- EXERCISE GOAL
Copy out the data exactly, leaving the pictures behind.

- EXERCISE DATA

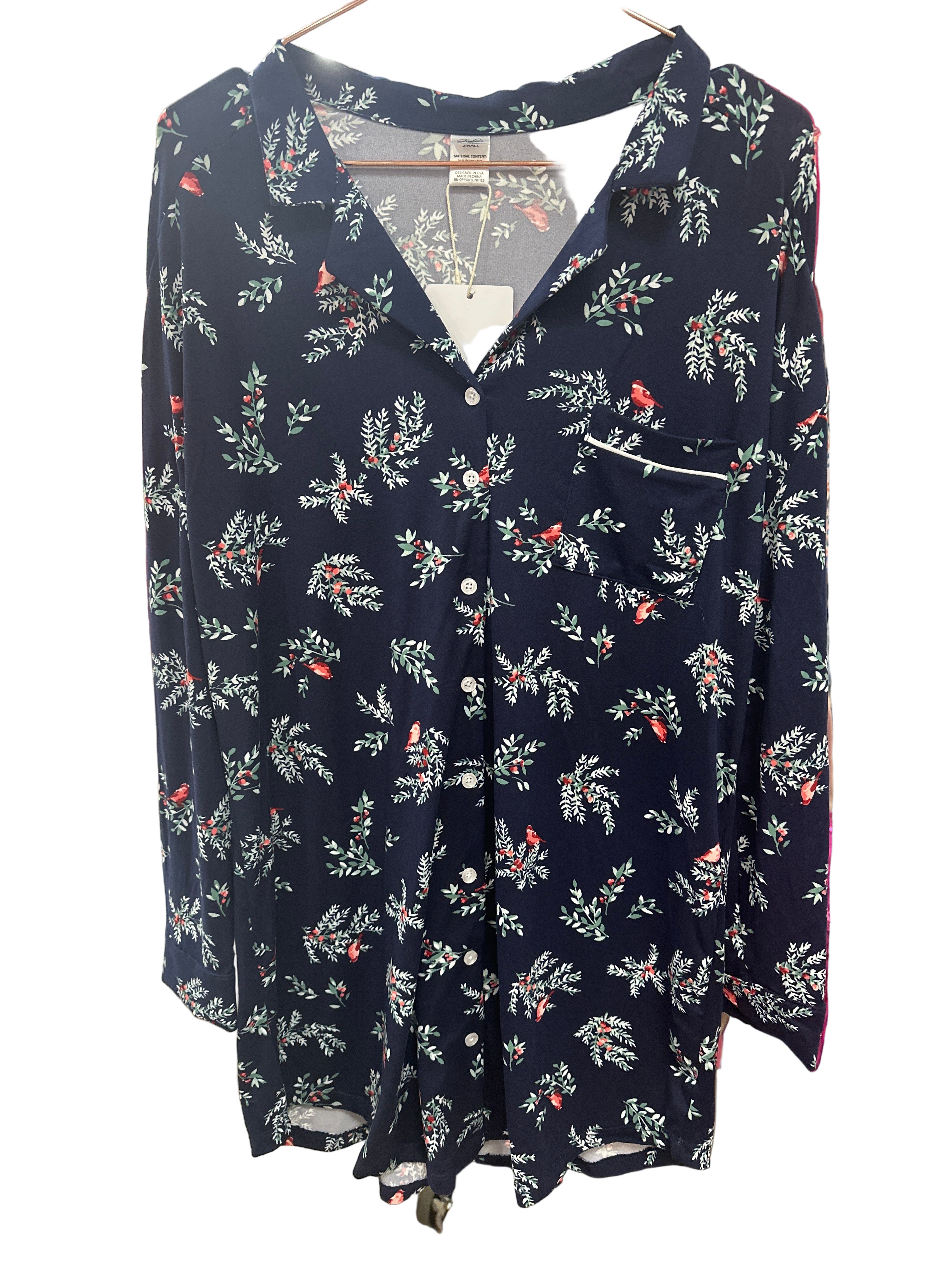 NAVY CARDINAL & HOLLY LONG SLEEVE SLEEP DRESS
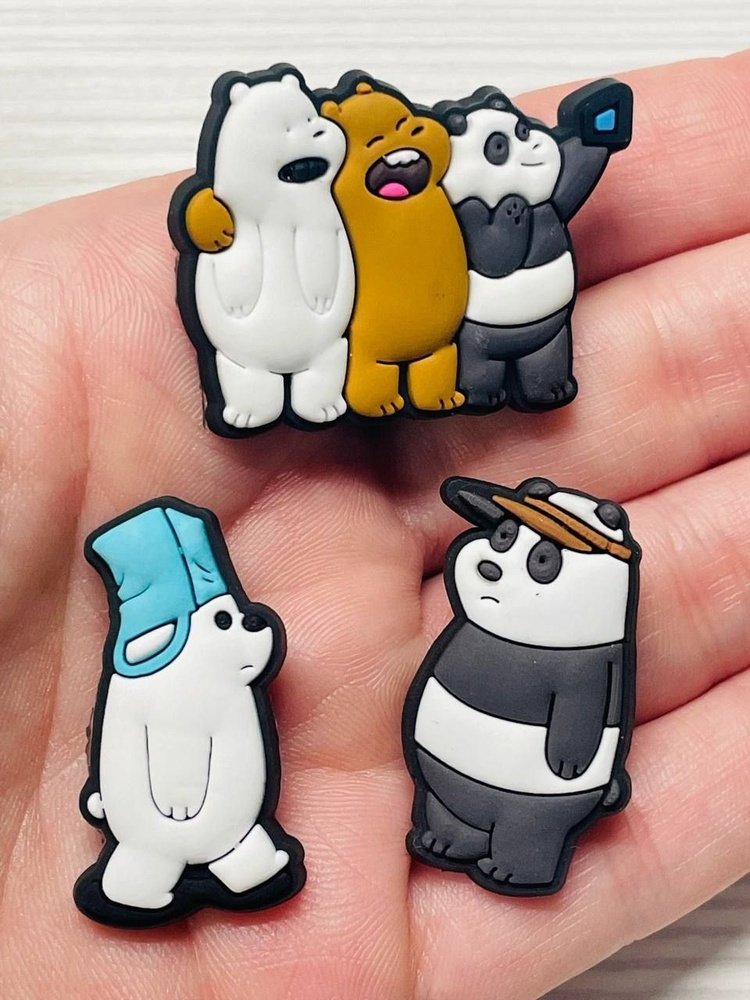 Джибітси Ми звичайні ведмеді We Bare Bears Грізлі, Панда, Білий ведмідь, мультяшні герої прикраси для крокс аксесуари набір 10 шт, фото №7
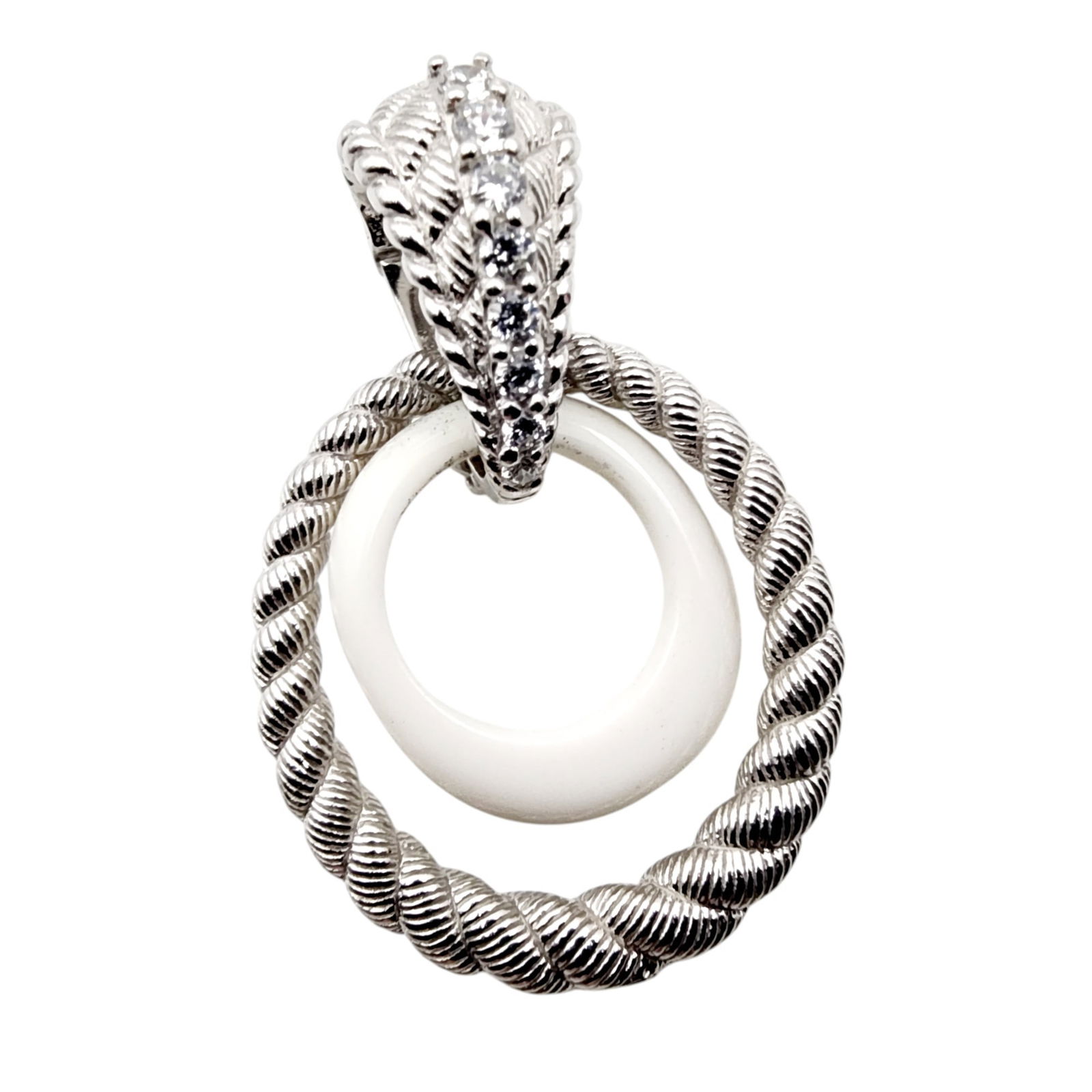 Judith Ripka Sterling Double Cable CZ Oval Pendant: Judith Ripka Sterling Double Cable CZ Oval Pendant 7.5g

- PROBLEM SOLUTION
 NAVY CARDINAL & HOLLY LONG SLEEVE SLEEP DRESS
 Джибітси Ми звичайні ведмеді We Bare Bears Грізлі, Панда, Білий ведмідь, мультяшні герої прикраси для крокс аксесуари набір 10 шт, фото №7
 Judith Ripka Sterling Double Cable CZ Oval Pendant: Judith Ripka Sterling Double Cable CZ Oval Pendant 7.5g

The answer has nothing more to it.